Звонит отдельно стоящий белый телефон. Зубавин берет трубку.
— Зубавин слушает… Здравствуйте… Его здесь нет. Я только что вошел… Сейчас выясню… Минуточку. — Он зажимает микрофон рукою. — Ну, что будем делать?
— Виталий Петрович, разыщем, — тихо обещает Переверзев. — Не беспокойтесь.
— Ты меня не успокаивай. Где он?
— Уехал подумать.
— Почему один? Что он, тут думать не может? Какого черта…
— Виталий Петрович, поймите, надо ему иногда выключиться, побыть без всего этого…
— Блажь, капризы. Понимать не желаю. Вы имейте в виду, Переверзев! — Забывшись, он стучит трубкой по столу. — А, черт… — Он прикладывает трубку к уху. — Извините… Алло… Курчатов уехал, к сожалению, связаться нельзя… Просто поехал подумать…
Некоторое время он слушает сердитое клокотание трубки, шея его вздувается. Он встает, вытягивается, отвечает как можно сдержаннее:
— Почему же расхлябанность… У него все же несколько иная работа, чем у нас с вами. Ему не всегда нужны телефоны, ему нужно и так, чтобы без всяких телефонов… Простите, товарищ министр, я вас не учу, я просто возражаю… — Гудки, он медленно опускает трубку на рычаг, стоит, опираясь на аппарат, лицо его постепенно отходит, снова обретает свое хмуровато-спокойное выражение. Впервые, может быть, приоткрылось Переверзеву, сколько приходится принимать на себя этому человеку.

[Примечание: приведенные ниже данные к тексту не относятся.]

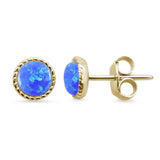 Sterling Silver Yellow Gold Plated Round Braided Milgrain Blue Opal Stud Earrings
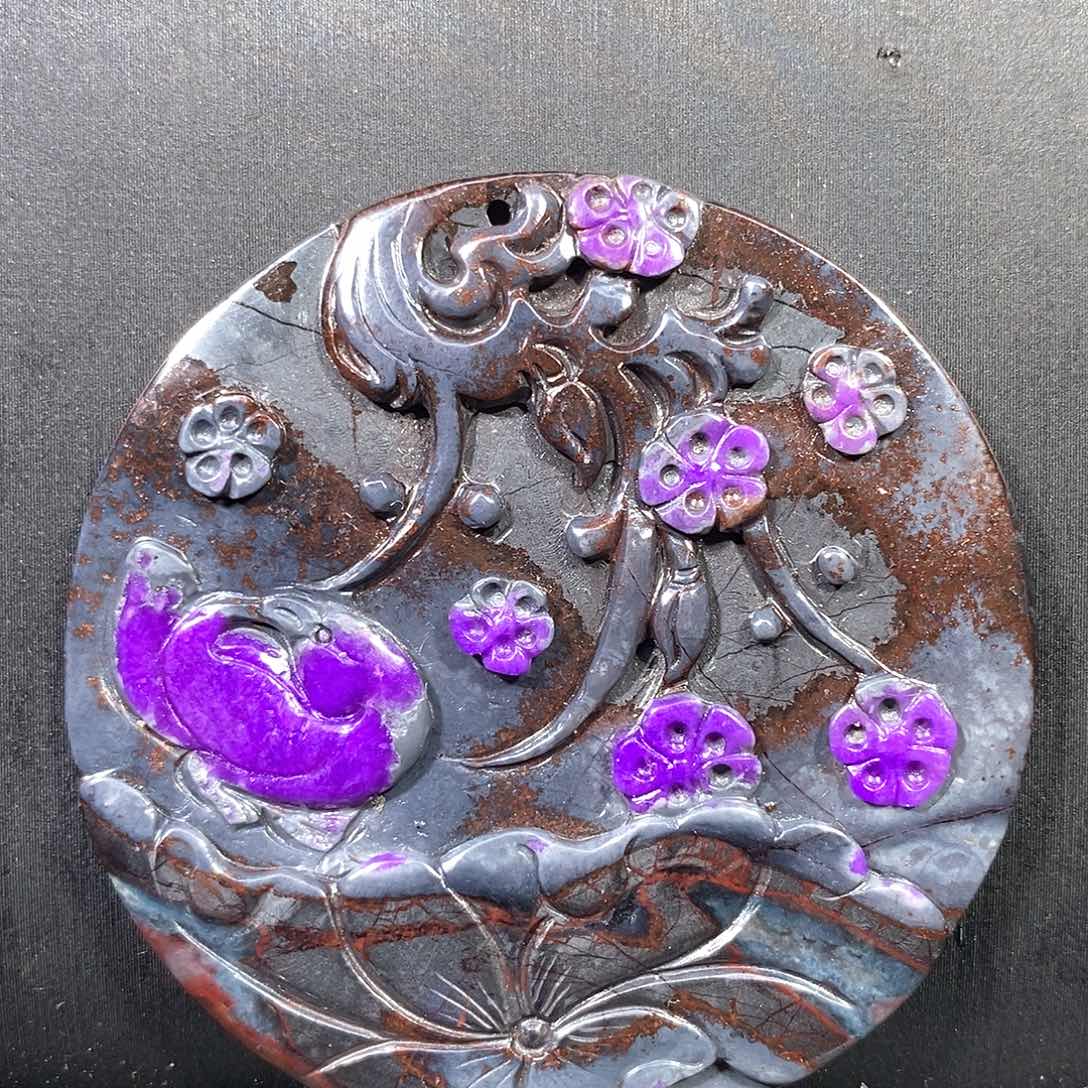 苏纪石（舒俱来）未镶嵌南非老矿舒俱来鸳鸯戏水牌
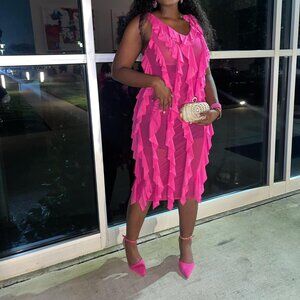 Pink Ruffle Bodycon Dress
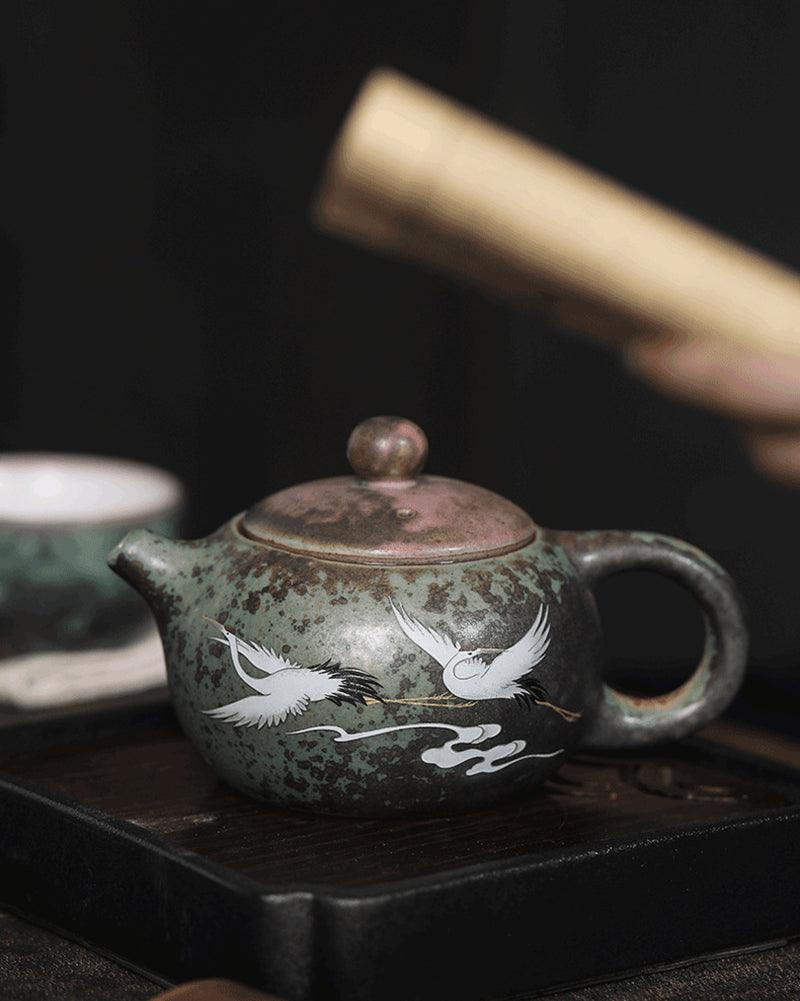 Handmade Red-Crowned Crane Rough Ceramic Teapot - gloriouscollection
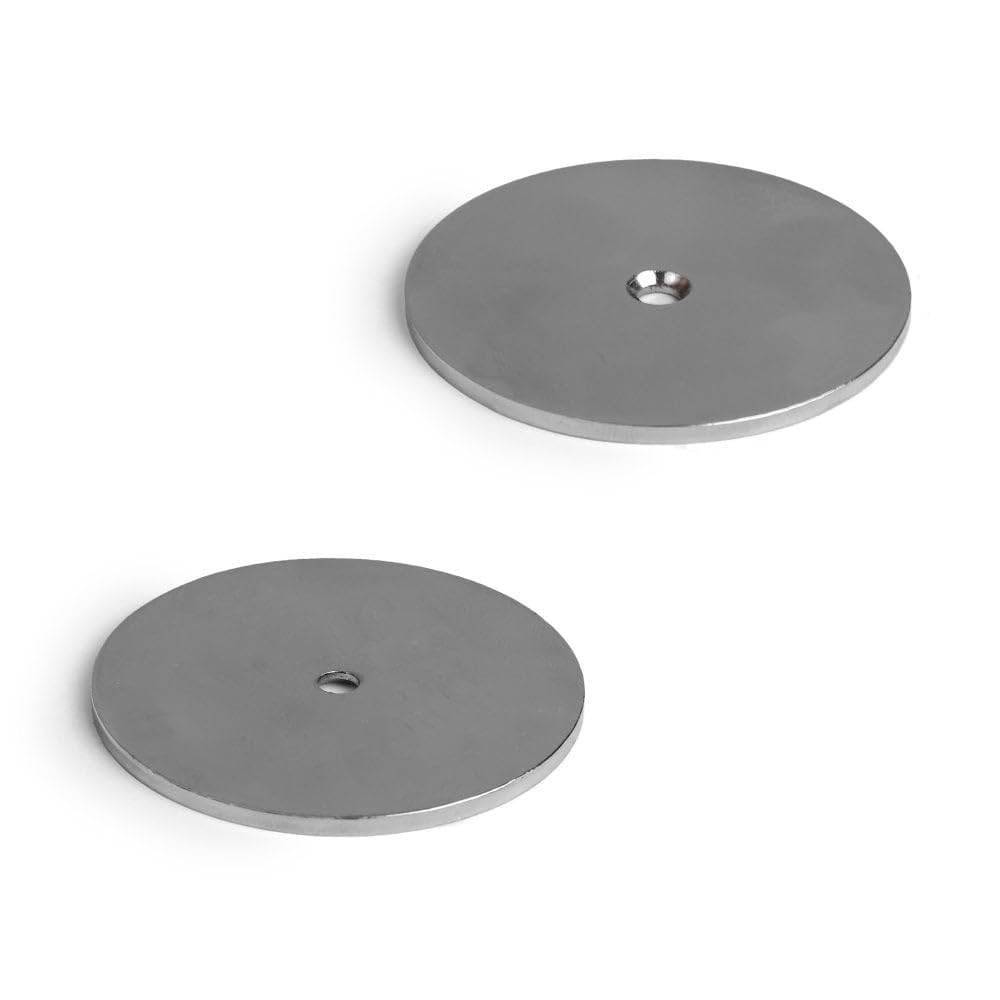 Nickel Plated Countersunk Mild Steel Disc for Using Magnets, Hang Artwork or Noticeboards - 50mm dia x 2mm thick x 4.2mm countersunk hole - Pack of 200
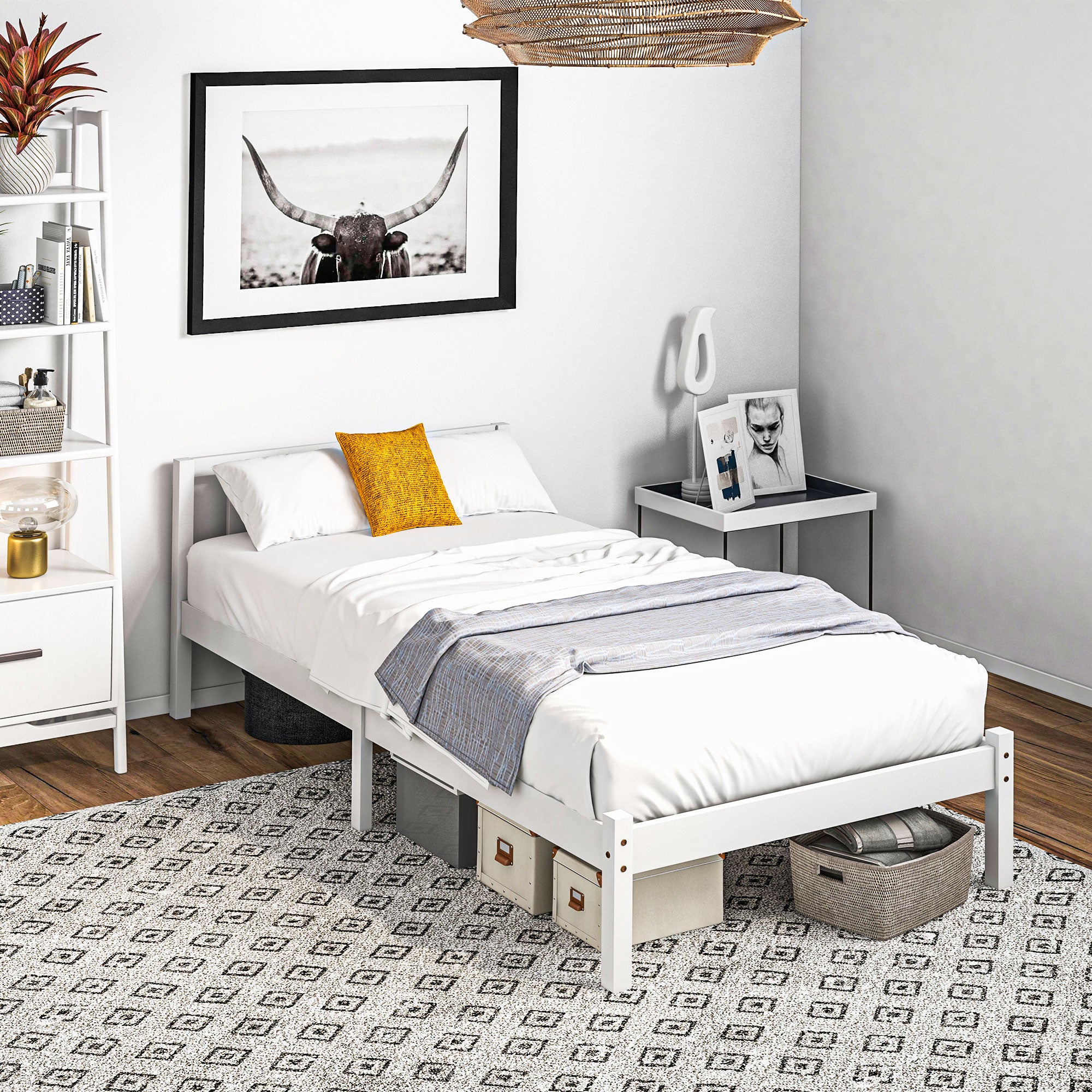 Cadre de lit en Bois Massif 90x190 cm Lit simple avec tête de lit et Sommier à Lattes Solide pour Enfants Adultes Blanc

Окраина Москвы, на горе старый Коломенский дворец, шатровая церковь Вознесения, на свежем зеленом откосе нежатся на солнышке мамаши с детьми, компания студентов перекидывается мячом, носятся ребятишки. Но это там, внизу, а здесь, на скамейке, в пятнистой подлиственной тени, тихо, спокойно. Длинно поблескивает река, пересвистываются птицы.
Откинувшись на ребристую спинку скамьи, Курчатов словно растворился в этом солнечном покое молодого лета. Далеко на горизонте дрожит, мерцает профиль Москвы, ее колоколен, золотые маковки церквей, трубы теплостанции. Курчатов смотрит на эту московскую даль, но глаза его невидяще устремлены в какую-то мысленную точку. Он сидит неподвижно, весь уйдя в размышление. Это не задумчивость, это именно размышление, работа. Иногда он хмурится, иногда недоуменно морщится, а бывает, что лицо его разгладится в довольной ухмылке. Конечно, со стороны он выглядит отдыхающим, надо внимательно приглядеться, чтобы понять внутреннюю напряженную работу, которая происходит сейчас.
Кто-то трогает его за плечо:
— Папаша, не найдется закурить?
Не оборачиваясь, Курчатов вынимает коробку «Казбека».
— Ого, красиво живете! — Парень, не торопясь, берет папироску, сигналит кому-то.
Появляются еще двое ребят. Это все студенты. Студенты сороковых годов: демобилизованные парни или же недавние школьники, отощалые, одетые в отцовские кители, в гимнастерки, в солдатские ботинки; учебники, перевязанные ремешками, вечные ручки торчат из кармашков…
— Налетели на дармовщинку, — выговаривает первый, — нахальная молодежь пошла.
— Берите, берите, — угощает Курчатов, не замечая розыгрыша. И они берут, и еще берут про запас, закладывают за ухо, закуривают, смакуя, растягиваются тут же рядышком, на скамейке, расстегивают воротнички, подставляя солнцу грудь, любуясь на реку.